Part of the reason for these curious election results, of course, could be summed up in one simple, declarative sentence, if one is willing to risk ridicule for making the ultimate facile observation: We're simply a nation with just enough useless idiots so that common sense doesn't always carry and save the day.
In the case of Watergate, Republicans became a four letter word during the '76 elections yet we forgave quickly enough to vault into the Oval Office a former B actor who wanted to rattle his rusty saber at Russia at a time when Carter was making great strides toward establishing peace. Whatever gains Carter had made between Sadat and Begin at Camp David was immediately swept away and then some when those hostages were taken at Tehran.
Americans had forgotten the object lesson given to them by Nixonian Republicans: That Republicans simply cannot be trusted, that their primary usefulness is in providing a necessary check and balance to the liberal excesses in Congress and as a reminder of how our government will be run some day if the Nixonian Republicans mutate and dominate both Congress and the White House at the same time.

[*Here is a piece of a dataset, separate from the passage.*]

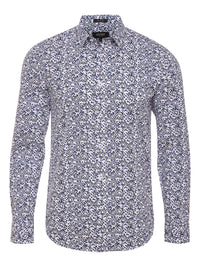 KENTON FLORAL PRINTED SHIRT NAVY/CHARCOAL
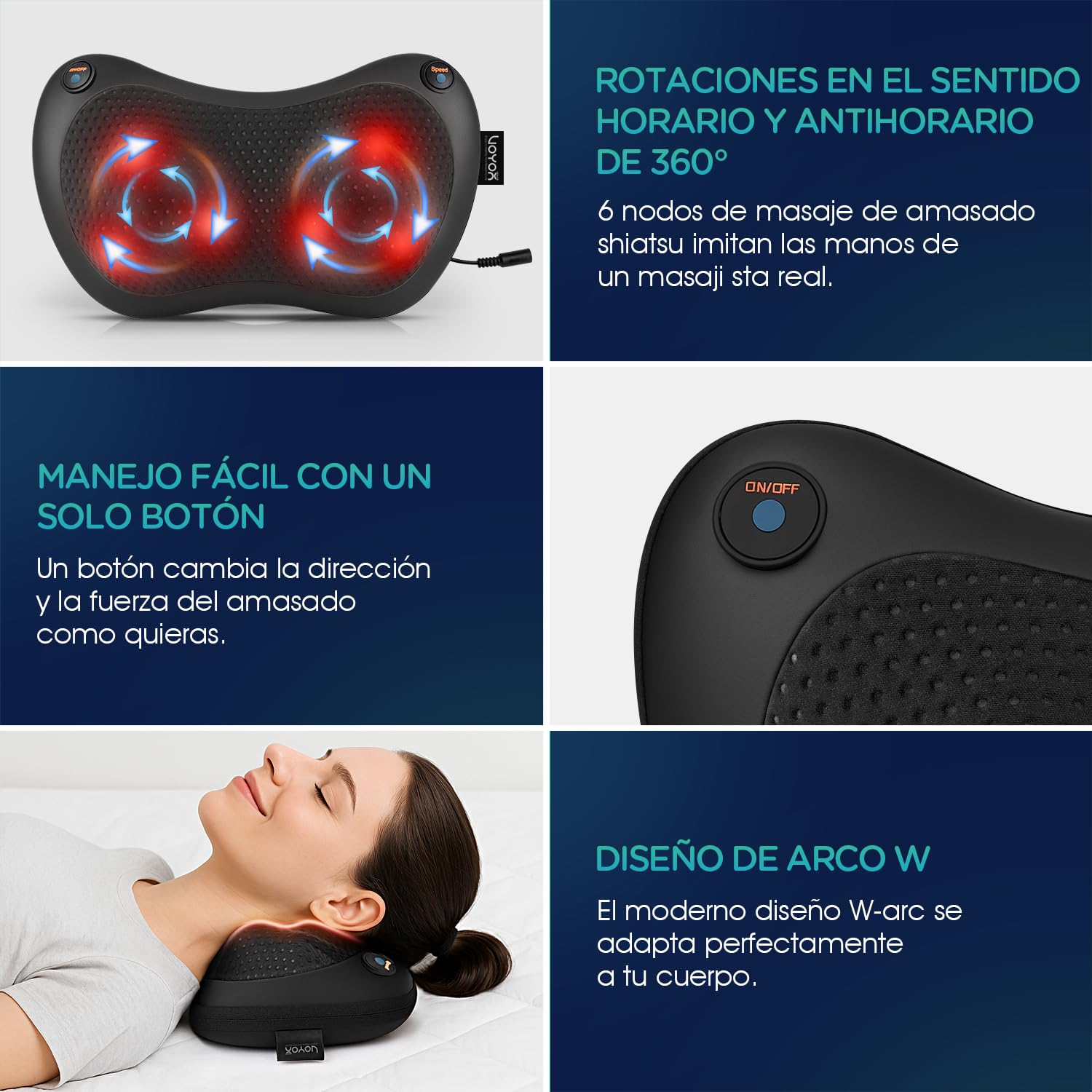 Cojín de Masaje Shiatsu，Masajeador de Cuello Espalda con Calor, Masajeador de Amasado de Tejido Giratorio 3D，3 Velocidades Incluye Cinturón de Extensión,Casa, Oficina, Coche (Negro)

To this day, Reagan remains the Teflon President, since even the scandal of Iran-Contra still doesn't stick to him and the capricious tarring and feathering of posterity still hasn't come close to giving the Great Communicator his much-deserved comeuppance. It's as if Reagan's senility was communicable because we don't seem to be able to recall that Reagan's Voodoo Economics of over a quarter of a century ago was actually the ignition point of the economic fire that we're vainly trying to beat out today. We've not only forgiven Reagan for his own excesses but our collective gray matter has gone as blank as Reagan's during his Iran-Contra Congressional testimony in 1986.
Americans are too quick to forgive Republicans for even the most heinous of crimes against humanity and common sense and too quick to condemn Democrats for far lesser crimes. Just when the Republican party gives us a useful idiot like Reagan or Bush and especially Bush II, some of us still hope that it will finally serve this time as a lesson in knowing what you're getting into bed with when we vote for Republicans.
The '06 midterms and the '08 general election that saw even more Republicans getting swept out of office and the election of our nation's first African American president was the loudest declaration since the post-Watergate elections of '76 of an unwillingness to tolerate high crimes and misdemeanors and abuse of power.
Yet Bush and Cheney never once came close to impeachment (and people were hung after Nuremberg for committing lesser crimes than those two) and Democrats we're seeing today are to blame for that. Even if they suddenly grew backbones and started doing the right things for a change and kicked lobbyists and special interest groups out of their offices en masse, would that be good enough to satisfy a fickle public that will once again crave change at any cost?